There were signs of a hawkish tilt from the Fed this week, confirmed as the last meeting under the stewardship of Chair Powell - though he will stay on as a governor. The Fed kept rates steady at 3.5-3.75% and retained its easing bias; however, 3 members (Hammack, Kashkari and Logan) wanted it removed from the statement, while Miran was the outlier in voting for a 25bps cut. The Fed has been lowering rates since September 2024, with every decision statement since then containing an easing bias via a reference to considering 'additional adjustments' to interest rates. Powell said that with inflation increasing and the full effects of the energy shock still unfolding, a debate over the easing bias made sense. Market pricing has shifted towards no fed cuts this year from a position of pricing 1-2 cuts before the conflict.
The Bank of England left rates unchanged at 3.75% this week. Although it is now somewhat more hawkish, there remains daylight between the MPC's messaging on policy and market pricing for around 3 rate hikes this year. Chief Economist Pill was the lone dissent, voting for a 25bps hike that resulted in an 8-1 split - the only change from its unanimous decision to hold in March. Still, the shift since the conflict arose has been notable. Before the energy price shock, a 25bps rate cut was only narrowly defeated in a 5-4 vote at the February meeting, while the MPC also had a clear easing bias. Its messaging now is that the 'scale and duration' of the shock will dictate the policy response.
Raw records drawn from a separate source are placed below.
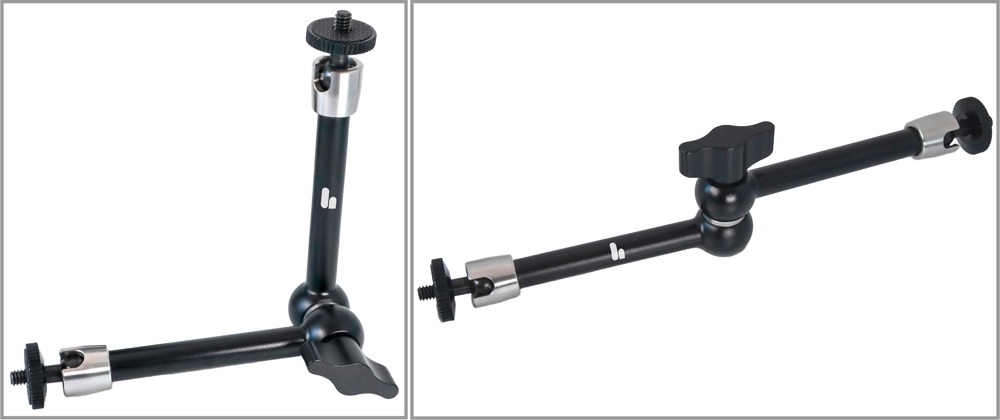 The Handy Handsfree Desk Mount Suport Reglabil pentru Masă - imagine 3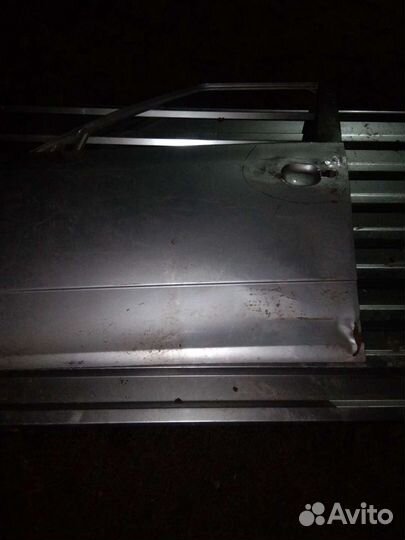 Двери на шкоду фабия 2 и другое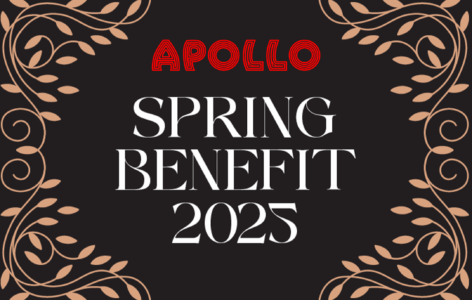 Apollo Spring Benefit 2025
The latest Monetary Policy Report attempted to model the effects that could be felt on growth and inflation under 3 alternative paths for energy prices. In all scenarios however, inflation is now projected to be higher and growth weaker than previously forecast. At the post-meeting press conference, Governor Bailey highlighted that with the hawkish repricing of the rates curve for 3 hikes this year, financial conditions had already tightened notably, reducing the urgency for a policy move. Weakness in the labour market also argued against delivering the extent of tightening priced into the curve.
At the ECB, the Governing Council left all 3 key rates on hold (depo rate remaining at 2%). The main change from the previous meeting was in the risk assessment to the outlook, with the statement now noting that upside risks to inflation and... downside risks to growth have intensified'. At the post-meeting press conference, President Lagarde stuck with the wait-and-see message. It went into the shock with inflation around target, and it had yet to see any signs of second-round effects of higher energy prices following through to prices of other goods and services. However, reporting with links to ECB sources indicated that a June rate hike is very much on the cards, unless there is a quick resolution to the conflict.
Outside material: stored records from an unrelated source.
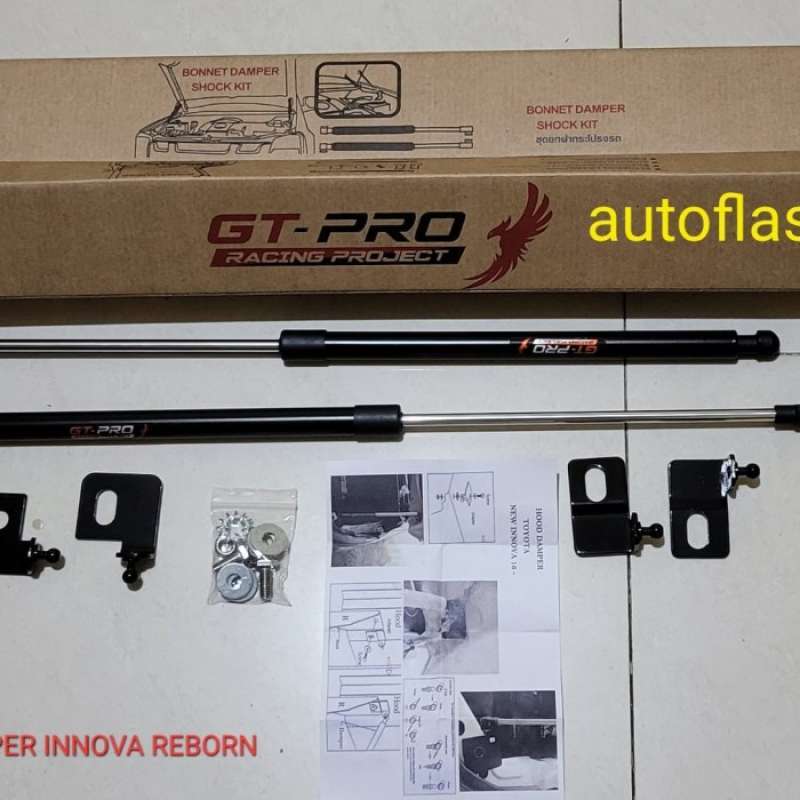 Jual Engine Hood Damper Hidrolik Kap Mesin Innova Reborn Di Seller Tune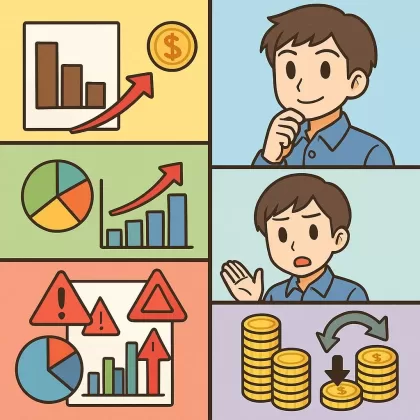 米国株の高配当ETFを選ぶ際に注目すべき指標5選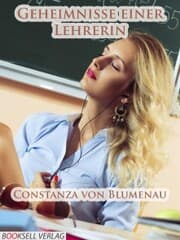 Cover von Geheimnisse einer Lehrerin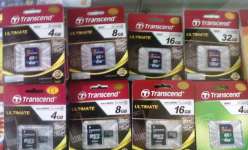 Memory Cards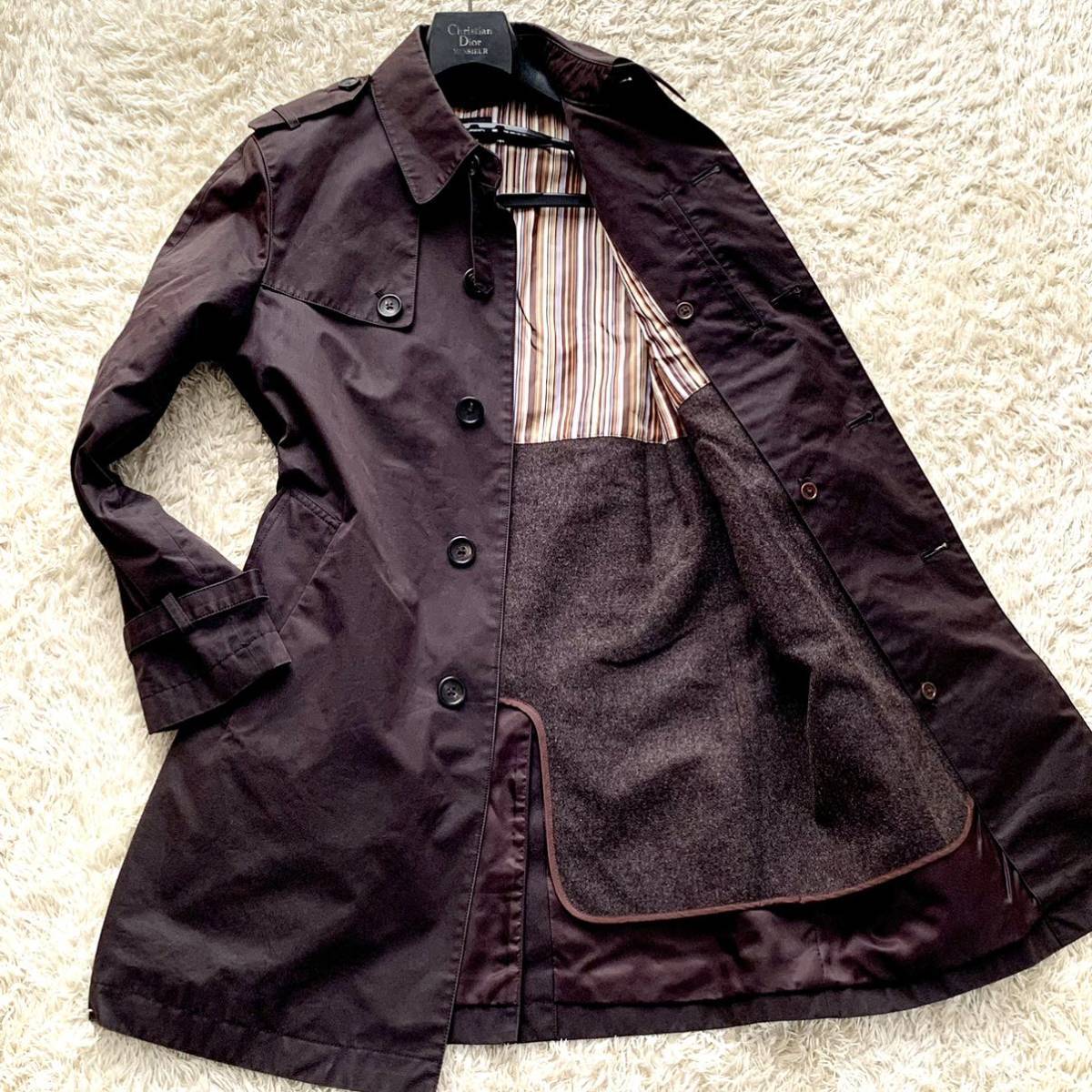 2023年最新】ヤフオク! -「カシミヤ」(ポール・スミス)の中古品・新品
In Australia, March inflation data came in a bit cooler than expected, but an RBA rate hike is still widely expected next week. Annual headline inflation rose from 3.7% to 4.6% in March on the back of a 33% surge in fuel prices (see here). The quarterly trimmed mean CPI - the more influential driver for RBA policy - was 0.8%, lifting from 3.4% to 3.5% over the year. With both headline and underlying inflation above the target band (2-3%) and risks to further upside, the RBA seems intent to continue hiking.